Arthur Nory Oyakawa Mariano (born 18 September 1993) is a Brazilian artistic gymnast and a member of the Brazilian national team. He participated in the 2015 World Artistic Gymnastics Championships, placing fourth in the horizontal bar and 12th all-around. He won the bronze medal in floor exercise at the 2016 Summer Olympics in Rio de Janeiro. He is the 2019 World Champion on horizontal bar.

Early life 
Mariano was born in 1993, in Campinas, to a Brazilian father and a Japanese mother. He practiced judo in a club as a child, following his father's footsteps. Mariano changed his mind after watching a gymnastics class.

After his parents' divorce, Mariano moved with his mother to São Paulo, where he entered in a gymnastics team in another club.
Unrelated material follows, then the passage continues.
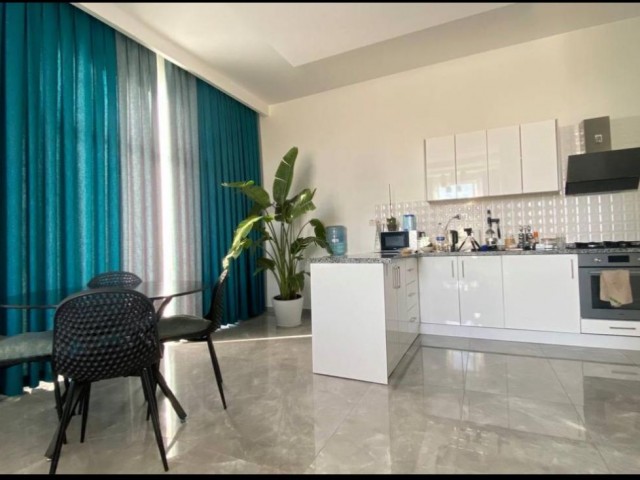 Lapta'da iki yatak odalı villa - Fotoğraf 4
When he was eleven, Mariano joined Esporte Clube Pinheiros. Mariano won the Brazilian Child Gymnastics Championship when he was fourteen.

Controversy 
In 2015, Mariano and fellow gymnasts Felipe Arakawa and Henrique Flores were suspended from the Brazilian national team for a month, after publishing a Snapchat video in which they made racist jokes addressed at another teammate, Afro-Brazilian gymnast Ângelo Assumpção.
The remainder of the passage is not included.